Big data has revolutionized business, allowing organizations to turn troves of information into meaningful insights. Yet with so many different data sources, information often becomes siloed and business leaders lack the visibility needed to make data-driven decisions at the enterprise level. Most of these stores of information get lost in different tools and databases, and switching between these different programs to gather the right data becomes too time-consuming. To achieve repeatable processes and gain valuable insights across business processes, today’s enterprises need a highly-scalable System of Insight.
A System of Insight generally refers to technology that includes three fundamental components:
- A system of record, which gathers, connects, and stores structured enterprise data
- A system of engagement, which connects people, things, social elements, and unstructured or textual data
- A system of automation, which allows a cycle of improvement.

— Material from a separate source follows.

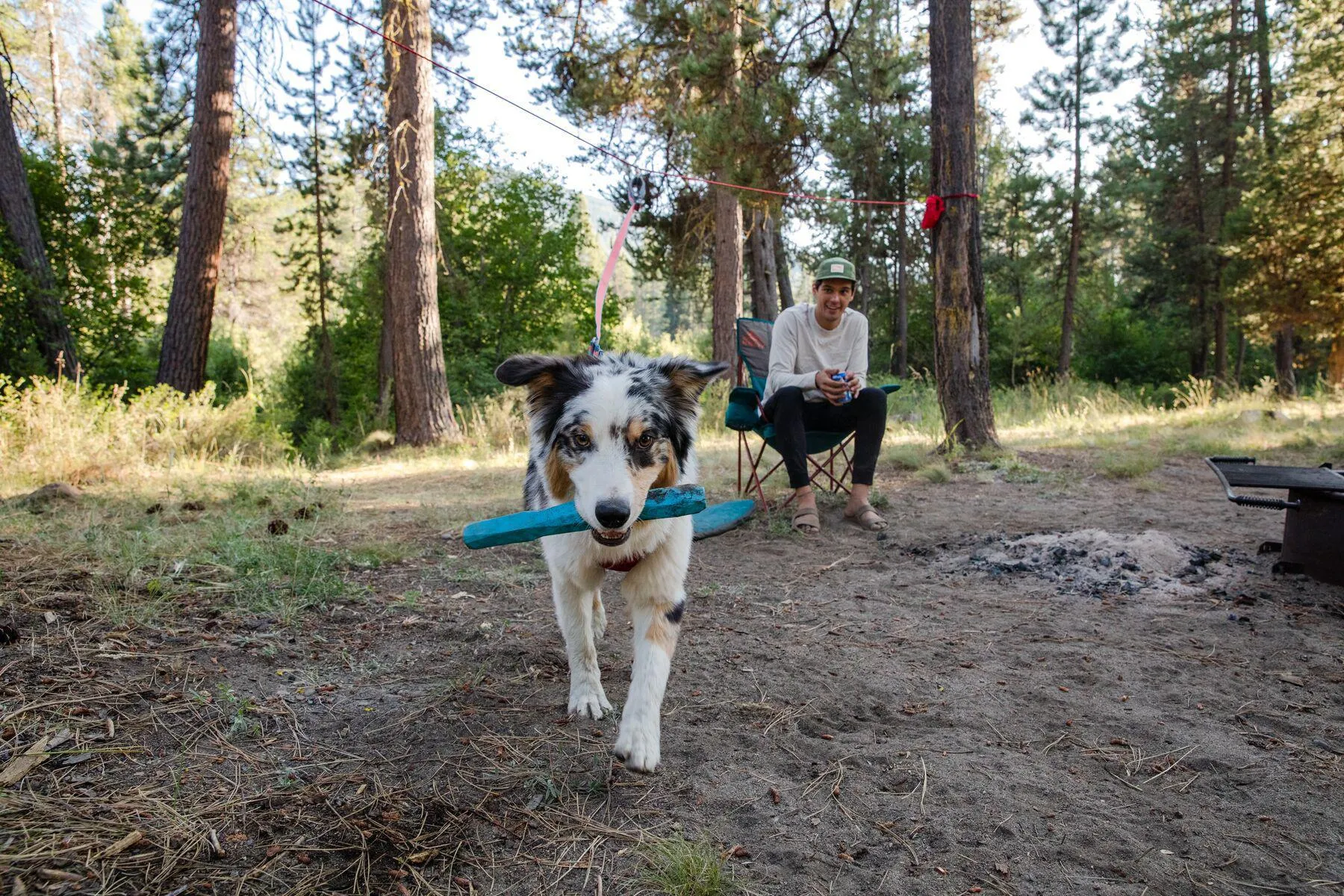 Ruffwear Gnawt-A-Stick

A System of Insight can improve decision-making by allowing users to uncover patterns and anomalies in their enterprise data. This powerful framework doesn’t just unlock the findings that matter most to a business – it also ensures the entire enterprise can access them, enabling results to be continuously measured and improved.
OpenText™ Magellan™ operates as a System of Insight in a single platform with four steps: signal, action, outcome, and improvement. Each step builds upon the others, which allows for incremental improvements that are then used to fine-tune the signal and create a continuous improvement cycle. Following the four-step model, here’s how you can use Magellan as a System of Insight.
1. Signal: Use interactive dashboards to explore data and discover useful insights.
OpenText Magellan allows users to uncover trends and useful insights through interactive visualizations. One example of a user who might use this module regularly is a marketing analyst in a wealth management firm. To identify which product categories are performing well versus which may need more attention, the analyst can look at both an overview of performance in a single line chart, or drill down to further explore a key area, such as investments.
For example, upon taking a closer look at investments, the analyst might discover that while most products are climbing, investments in individual savings accounts (ISA) are declining. Because Magellan compiles data from a broad range of sources, the analyst can compare the relative performance of investments in ISA to the performance of competitors’, and discover that other firms are actually excelling in this area.
2. Action: Initiate action based on an analysis of data.
Based on these findings, the marketing analyst wants to run a campaign to recommend investment ISA products – but not to all customers. The firm’s data scientist can easily build a hyper-optimized recommendation model using Magellan’s data science notebook, a Jupyter-based environment that allows data scientists to pick up any data they like and build a collaborative filtering model. They can train, test, and finalize the model by creating an algorithm and putting it into a pipeline.
Because components of Magellan are tightly integrated, data scientists can create a machine learning model that can be published and made available to the rest of the Magellan platform. Now, using Magellan Data Discovery, other analysts can access the model in the machine learning library and drag a customer list into the recommendation model to see the likelihood of the customer opening an investment ISA. With this information, they can initiate a marketing campaign directly from the Magellan dashboard and check the outcome of the campaign once complete.
3. Outcome: Track and analyze the performance of our actions to produce a tangible outcome.
If the marketing analyst finds the marketing campaign didn’t perform as well as hoped, they can go back and drill down for further investigation using Data Discovery to explore key analytics for existing customers. The analyst can create a profile of customers who have investment ISA products by simply dragging in data points like age, income level, homeownership, and other demographic information.
A Z-score for each attribute is automatically created and sorted to visually indicate the attributes most statistically likely for a customer. Analysts can then compare the marketing spend against the actual customer demographic. They might find that although most customers who have investment ISA products are over the age of 75, the company has recently decreased their spend for this segment. With these new findings, the data scientist can create a new machine learning model to improve segmentation based on these demographics.
4. Improvement: Use the results of the analysis to improve the signal or process, thereby completing a full System of Insight cycle.
Clearly, the analyst saw that the outcome of the first marketing campaign didn’t meet expectations, which prompted revisiting the data. With a new machine learning model based on more granular customer insights, an analyst can now create a more targeted campaign, and can even schedule a workflow that triggers the campaign to run on a set schedule.
Once again, the analyst will track the outcome and use those findings to further refine the process where needed or tackle another product category, thereby creating a full System of Insight cycle.
While the System of Insight cycle is an iterative process that requires some fine-tuning, each step allows different users to uncover new insights about the organization. Findings only improve over time, making predictions more accurate to help inform data-driven decisions and accelerate business.